Because the President’s JOB is to protect the country, and asserting Article II powers is part of the process during war.

Forget my assessment of the politics. That came only after long and studied considerations of the program’s legality AND propriety. And now you have the ridiculous spectacle of Dems saying, “oh, we were never against it, we just wanted you to ask our permission. Because face it, W: you simply can’t be trusted with your Article II powers or as commander in chief.

Signals intel is a military operation. FISA is inapposite and likely unconstitutional. My take on the separation of powers question is precisely the OPPOSITE of how you’ve portrayed it.

Congress, by trying to constrain the Presidents Article II powers using means other than their customary checks: impeachment, purse strings—neither of which they will do, because they haven’t a legal leg to stand on—is trying to co-opt the President’s CiC powers and outsource them to a FISA judge. Plenary powers? I wasn’t aware the CiC job involved running each decision through a parliamentary congressional vote.

Anyway, I replied on my site. I’m tired, and very pissed off.

 

First, my apologies for putting words in your mouth. I’ll take your word for it that you’d have supported this if Kerry did it.

Now to the rebuttal. Asking for judicial review by a FISA judge (which, in the case of warrants, is essentially a rubber stamp) is not asking for a congressional vote, and it’s disingenuous to argue that it is. Just because NSA is doing the spying on US citizens instead of the FBI (or another domestic law enforcement agency) doesn’t automatically make it part of the Article II CiC power—otherwise, the president could do whatever the heck he wanted with the military, foreign or domestic.
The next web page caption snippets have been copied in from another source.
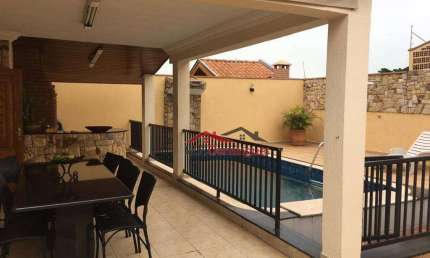 Casa com 4 dormitórios à venda, 600 m² por R$ 1.380.000,00 - Santa Cruz - Americana/SP
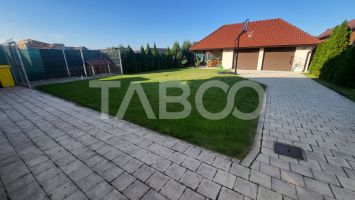 Casa individuala moderna de vanzare 5 camere 2 garaje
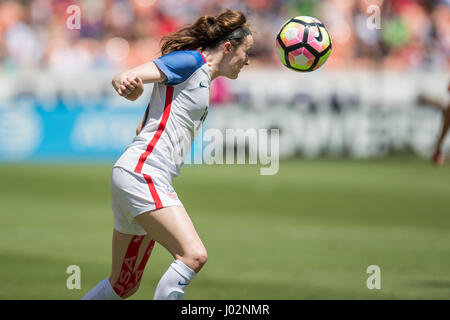 Houston, TX, USA. Apr 9, 2017. Le milieu de terrain des États-Unis a augmenté Lavelle (16) à la tête de la balle pendant le 1er semestre d'un match amical de football entre la Russie et les USA au stade BBVA Compass à Houston, TX. La France a gagné le match 5-1.Trask Smith/CSM/Alamy Live News Banque D'Images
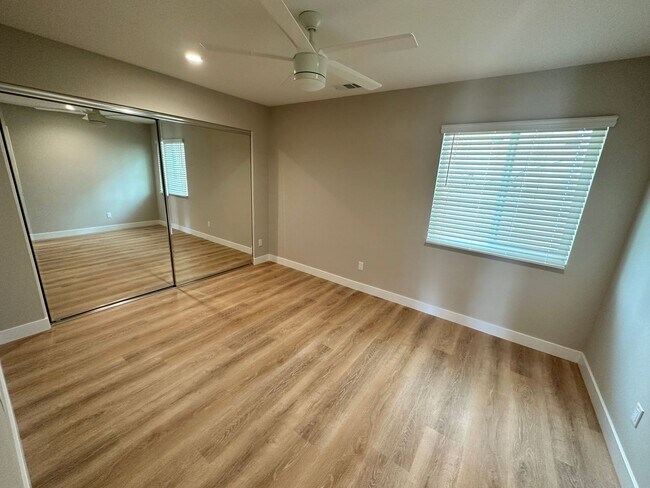 Building Photo - Fully Renovated in 2023!! 4BD/2BA on Tipton
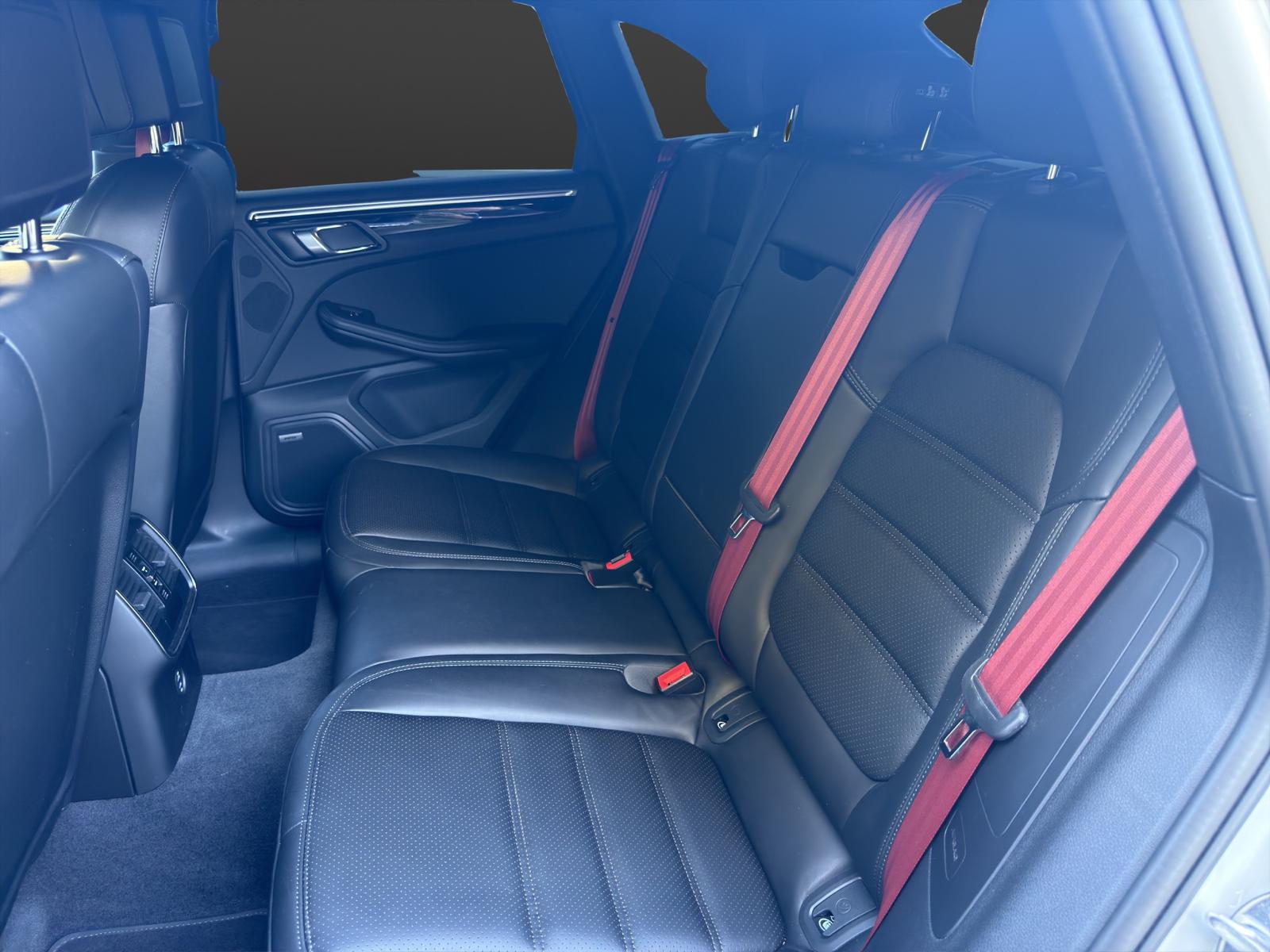 PORSCHE Macan S PDK-image-14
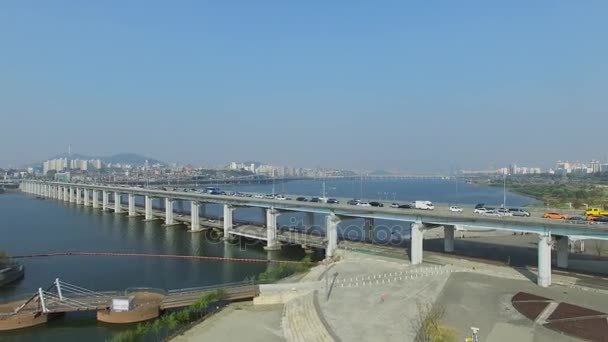 Seoul Nov 2015 Stadtverkehr Auf Der Banpodaegyo Brücke Und Gebäude — Stockvideo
As for impeachment, I doubt this Congress would impeach and remove Nixon. And, as for the purse strings, considering that (a) this program wasn’t previously revealed to 90% of Congress and (b) slapping a rider in an appropriations bill last year saying “no funds shall be spent by the NSA to monitor any conversation involving a U.S. citizen within the boundaries of the United States except upon a warrant issued by a federal judge” would be rather improbable in the absence of evidence that such a program existed, that isn’t a lot of support for your argument.
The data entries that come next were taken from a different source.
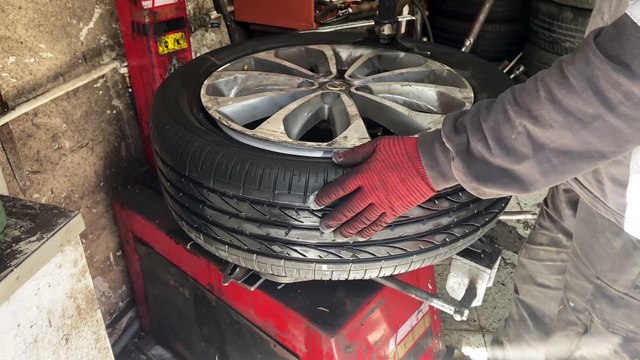7 Oto lastik tamiri patlak teker Beşiktaş Şişli Mecidiyeköy Sinan Usta 30 yıllık usta tel aşağıda
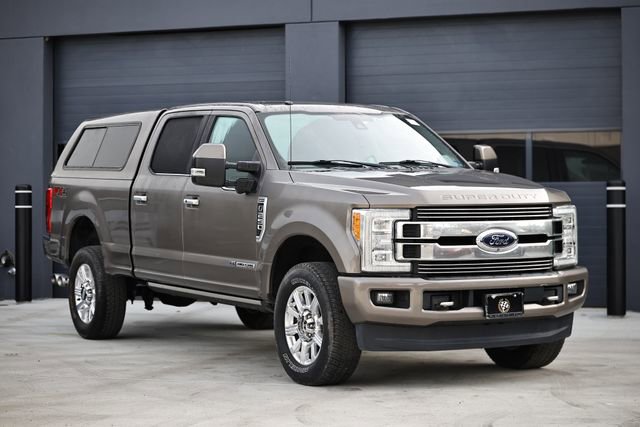 Used 2018 Ford F250 Limited w/ FX4 Off-Road Package image 1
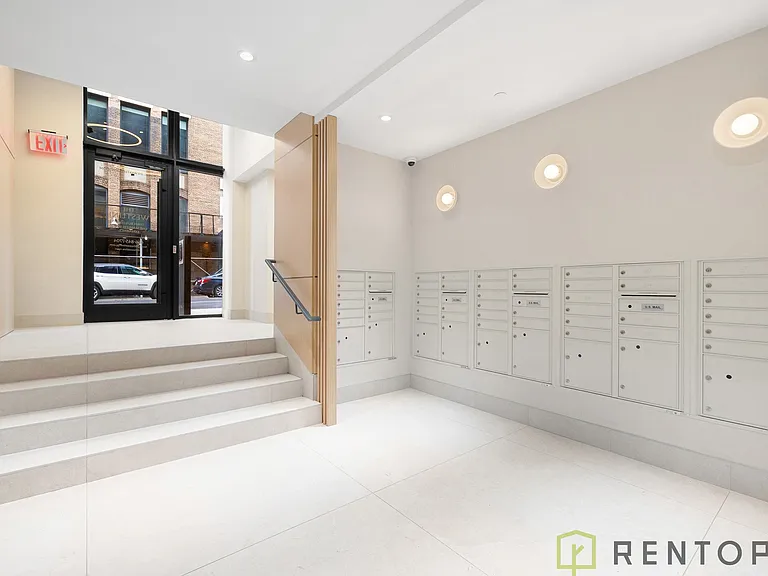 555 W 45th St #701D — Photo 56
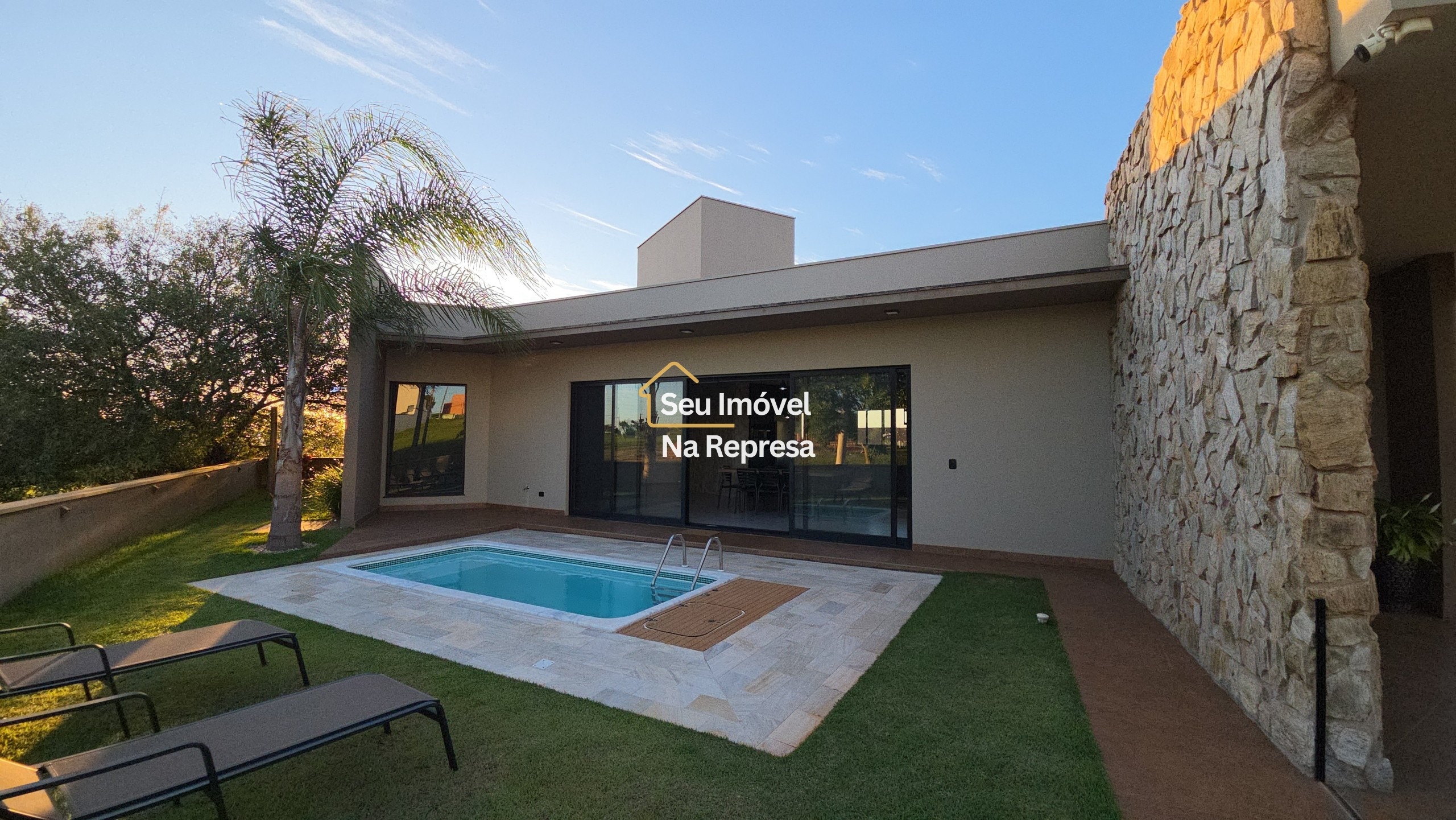 Uma casa de esquina moderna, com vista para a represa e potencial de expansão no Riviera de Santa Cristina XII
I’m tired, and very pissed off.

Well, at least we’re in agreement on something. Except the pissed off part.

 

Chris:
A very simple question, if I may: are we, or are we not, at war? In either case, what are the appropriate actions to take in order to intercept and interdict any potential threats against our homeland?

It seems to me as if you’re making the mistake of thinking that the struggle against international Islamist terrorism, sponsored by rogue regimes in Damascus and Tehran and ostensible “allies” in Riyadh, is a law enforcement matter. We cannot be isolationists and maintain our security – 9/11 showed that fairly definitively. We are not looking at “citizen’s” phone calls, email, etc. in an effort to make arrests; we’re looking for actionable intelligence to prevent further strikes against the homeland.

 

Being at war (and, incidentally, I agree that the AUMF is substantively a declaration of war by Congress) doesn’t exempt the president from either (a) needing specific statutory authority to fundamentally alter the due process normally afforded American citizens under the 4th Amendment or (b) having his actions subject to judicial review and congressional oversight.

So, the appropriate action in this case is to get explicit congressional approval for this program.

 

Hm. Anyone who thinks warrantless collection of foreign intelligence information – even from persons in the United States – constitutes any kind of violation of the 4th Amendment has exactly zero familiarity with the relevant case law. See esp. United States v. Duggan, 743 F.2d 59, 72 (2d Cir. 1984) (“virtually every court that had addressed the issue had concluded that the President had the inherent power to collect foreign intelligence information, and that such surveillances constituted an exception to the warrant requirement of the Fourth Amendment.”).

 

There is no question but that the warrantless wiretaps would be legal without FISA. The question is whether by FISA the Congress has captured the field and whether by statute a Congress can usurp a president’s constitutional authority.